Just because your job was perfect for you 10 or 20 years ago doesn’t make it the right fit now. Some people have trouble realizing that when life circumstances change, it can impact work.
“I wasn’t shy about working 80 or 90 hours a week at [age] 25,” says Lang, who taught in the classroom for 16 years and now spends 200 days on the road annually speaking about topics like teacher burnout.
“I worked weekends, nights, summers. It’s an all-consuming profession, and you’ve got to be better next year,” says Lang. “But I’m 51. I have two kids and a wife, and I don’t want to sleep in the band room. Maybe I might be better off with a different school environment, or a different age range, or different curricula, or different music.”
Make time for activities like going to the gym or doing something else that keeps you physically active. “You need to find a secondary release,” says Sherrick, who occasionally gives seminars about passion for the job and avoiding burnout.
“I encourage some type of non-musical hobby or pastime. I have a friend, and we played racquetball on Tuesdays. Doing [this activity] with a friend made it easier to get out of the house and go,” Sherrick says.
Exploring your passion for music outside of the classroom may also bring you satisfaction. “I played in a little dance band, played in a community orchestra,” Sherrick says. “I tried to keep my playing skills up, and that fulfills you too. You’re socializing with [other] people.”
Look for a New Job
If something insurmountable at work makes you unhappy, search for a new position. “It’s okay to make a lateral move for personal and professional reasons,” Lang says.
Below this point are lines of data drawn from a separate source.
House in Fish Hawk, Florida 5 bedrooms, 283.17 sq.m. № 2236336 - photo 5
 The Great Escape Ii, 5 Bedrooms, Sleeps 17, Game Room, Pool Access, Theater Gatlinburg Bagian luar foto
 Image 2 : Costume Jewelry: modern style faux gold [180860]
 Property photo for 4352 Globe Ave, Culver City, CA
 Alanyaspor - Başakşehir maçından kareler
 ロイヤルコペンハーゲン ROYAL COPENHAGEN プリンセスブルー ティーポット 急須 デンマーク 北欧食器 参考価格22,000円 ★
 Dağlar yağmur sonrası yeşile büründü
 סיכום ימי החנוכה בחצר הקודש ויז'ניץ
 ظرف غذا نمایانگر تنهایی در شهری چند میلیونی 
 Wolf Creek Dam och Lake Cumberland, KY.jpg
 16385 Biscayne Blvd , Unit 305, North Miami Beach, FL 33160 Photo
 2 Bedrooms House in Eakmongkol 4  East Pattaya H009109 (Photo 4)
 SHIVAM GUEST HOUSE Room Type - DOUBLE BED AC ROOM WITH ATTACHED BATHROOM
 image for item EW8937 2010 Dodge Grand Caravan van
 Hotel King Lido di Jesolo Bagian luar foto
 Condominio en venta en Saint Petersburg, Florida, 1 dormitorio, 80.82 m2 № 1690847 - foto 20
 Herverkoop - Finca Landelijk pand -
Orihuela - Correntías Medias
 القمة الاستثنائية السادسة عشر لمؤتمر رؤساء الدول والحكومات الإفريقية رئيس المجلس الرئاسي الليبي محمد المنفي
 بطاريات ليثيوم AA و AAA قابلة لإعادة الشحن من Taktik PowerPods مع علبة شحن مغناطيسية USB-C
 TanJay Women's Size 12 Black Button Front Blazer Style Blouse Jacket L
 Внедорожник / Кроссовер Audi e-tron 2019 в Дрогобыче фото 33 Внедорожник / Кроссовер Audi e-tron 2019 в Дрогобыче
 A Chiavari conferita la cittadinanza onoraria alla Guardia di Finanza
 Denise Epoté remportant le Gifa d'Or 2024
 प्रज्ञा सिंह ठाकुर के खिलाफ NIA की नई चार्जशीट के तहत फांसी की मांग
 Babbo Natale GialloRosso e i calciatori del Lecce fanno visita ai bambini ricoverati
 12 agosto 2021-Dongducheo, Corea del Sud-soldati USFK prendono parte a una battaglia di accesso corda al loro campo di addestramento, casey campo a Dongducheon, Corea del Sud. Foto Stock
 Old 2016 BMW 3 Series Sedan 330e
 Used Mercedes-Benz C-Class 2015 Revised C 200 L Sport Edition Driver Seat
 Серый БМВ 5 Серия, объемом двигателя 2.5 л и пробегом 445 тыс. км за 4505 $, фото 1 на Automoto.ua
“There will always be an opening somewhere. Teachers are making changes on a far more frequent basis than years ago. If they say, ‘I’m struggling here,’ that’s OK. Find a different fit. They feel like they’re trapped, but they’re not. Teachers shouldn’t be shy about using their free agency,” Lang says.
If you’re feeling the onslaught of burnout, your students will see it and suffer for it. Don’t stagnate. Assess your situation, which can lead to rejuvenation for your job or a resolution for a change.
This article originally appeared in the 2019 V1 issue of Yamaha SupportED. To see more back issues, find out about Yamaha resources for music educators, or sign up to be notified when the next issue is available, click here.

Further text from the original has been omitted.